Reproduce each line below precisely. Drop the pictures.

[Data below]
------
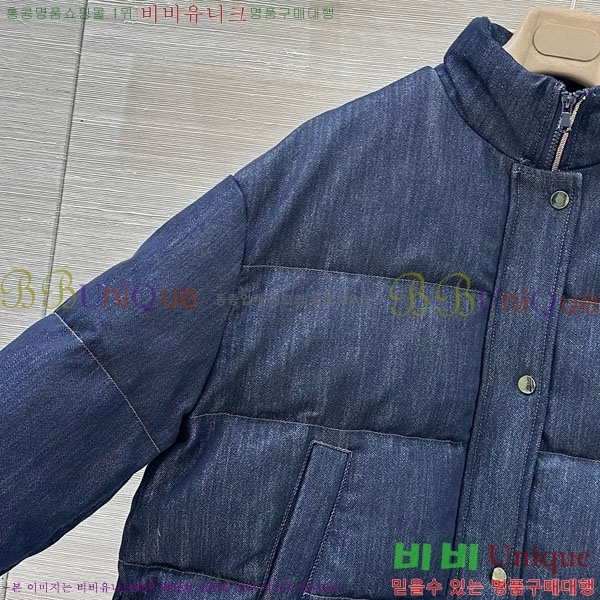 ���� ���ڷ� ��ġ�ڸ� �ٿ� �е� BC324230-4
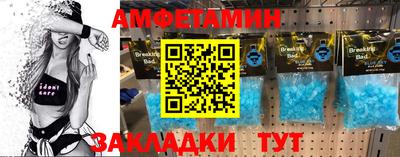 MESCALINE Рузаевка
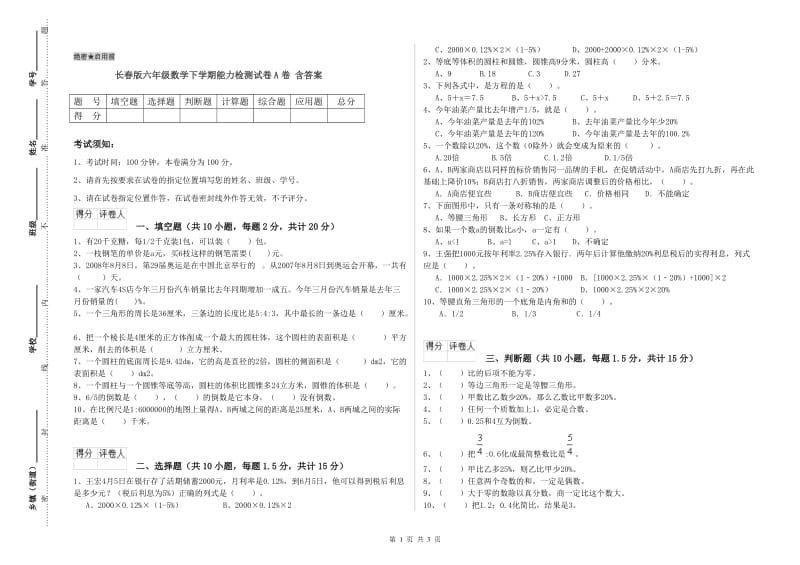 长春版六年级数学下学期能力检测试卷A卷 含答案.doc_第1页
------
[Solution to this task]
 ���� ���ڷ� ��ġ�ڸ� �ٿ� �е� BC324230-4
 MESCALINE Рузаевка
 长春版六年级数学下学期能力检测试卷A卷 含答案.doc_第1页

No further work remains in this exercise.